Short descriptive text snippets
========================

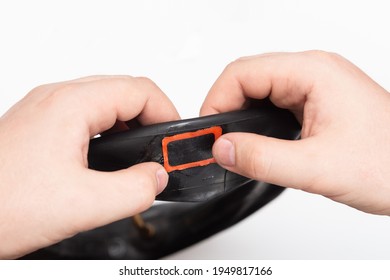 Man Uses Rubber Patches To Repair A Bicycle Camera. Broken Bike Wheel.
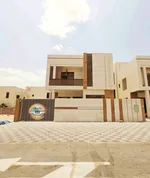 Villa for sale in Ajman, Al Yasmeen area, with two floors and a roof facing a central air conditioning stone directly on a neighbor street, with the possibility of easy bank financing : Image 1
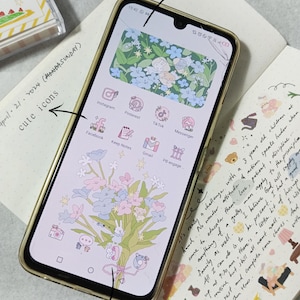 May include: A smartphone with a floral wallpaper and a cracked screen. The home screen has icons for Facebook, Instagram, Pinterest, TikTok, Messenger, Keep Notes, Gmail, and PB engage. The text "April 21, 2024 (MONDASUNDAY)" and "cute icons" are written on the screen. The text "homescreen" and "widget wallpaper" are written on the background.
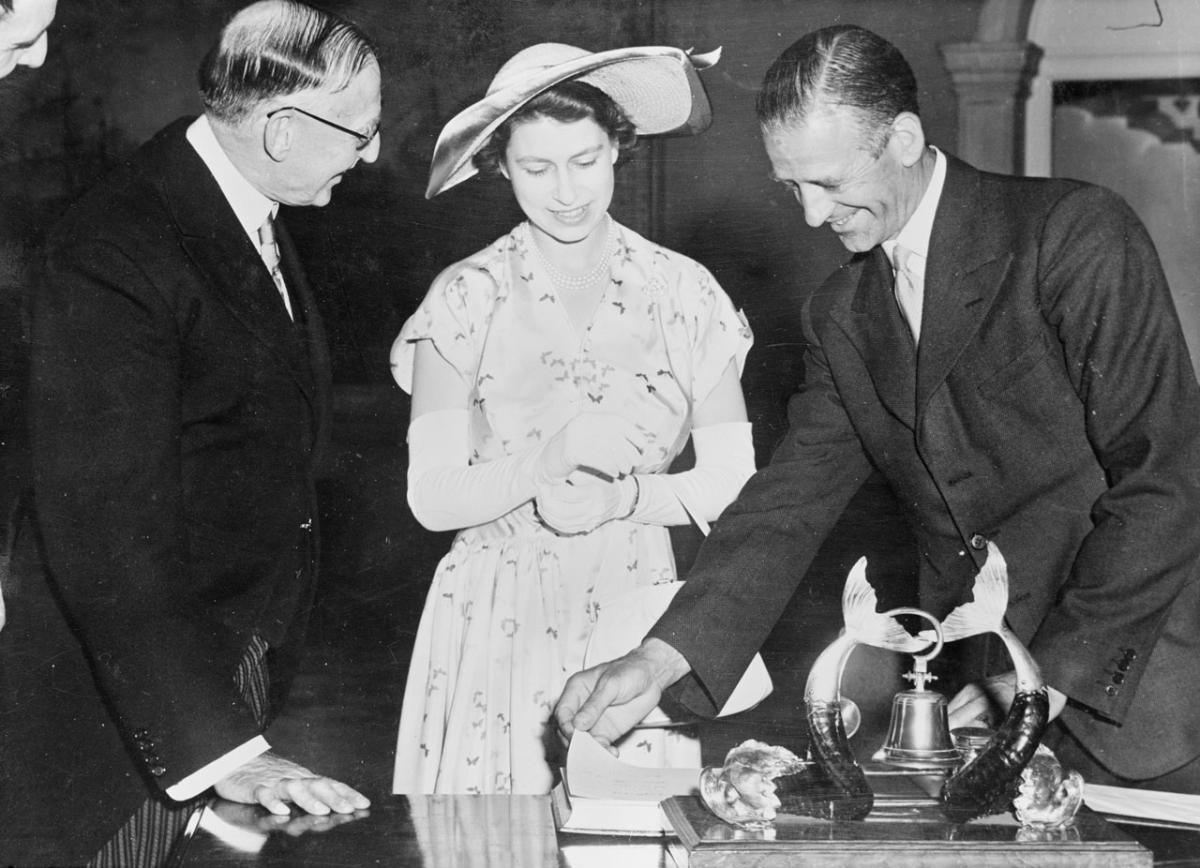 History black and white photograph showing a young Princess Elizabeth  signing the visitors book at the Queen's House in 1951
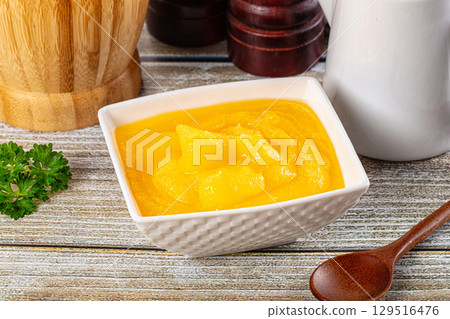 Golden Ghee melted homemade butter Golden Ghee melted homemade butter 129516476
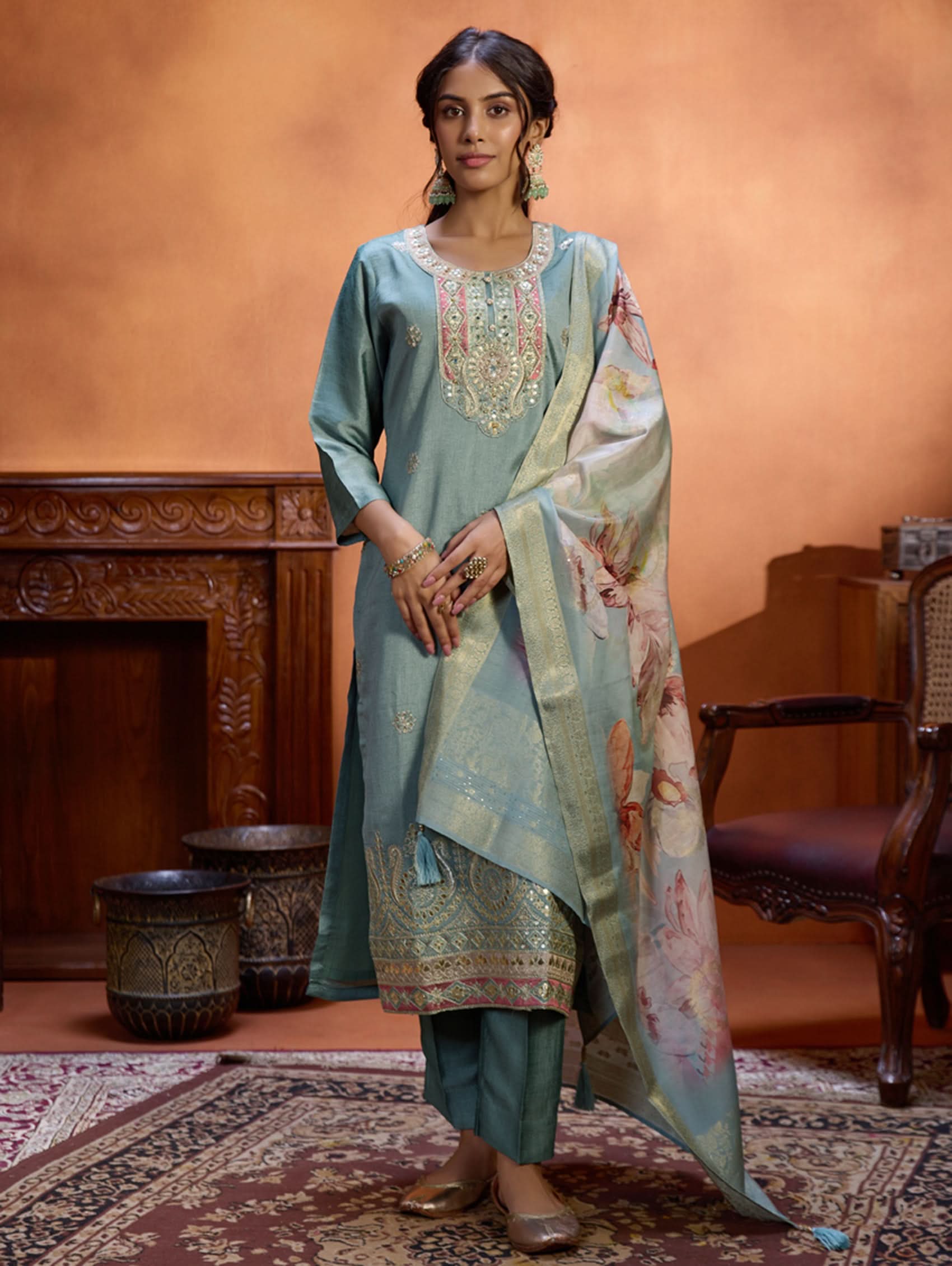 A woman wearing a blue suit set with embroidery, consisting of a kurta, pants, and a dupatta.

========================

→ Exercise objective: Retype, please, exactly the lines that begin with the one containing "May include: A" and end at the last line of the entries above, both included, leaving out pictures.

→ Response below:
 May include: A smartphone with a floral wallpaper and a cracked screen. The home screen has icons for Facebook, Instagram, Pinterest, TikTok, Messenger, Keep Notes, Gmail, and PB engage. The text "April 21, 2024 (MONDASUNDAY)" and "cute icons" are written on the screen. The text "homescreen" and "widget wallpaper" are written on the background.
 History black and white photograph showing a young Princess Elizabeth  signing the visitors book at the Queen's House in 1951
 Golden Ghee melted homemade butter Golden Ghee melted homemade butter 129516476
 A woman wearing a blue suit set with embroidery, consisting of a kurta, pants, and a dupatta.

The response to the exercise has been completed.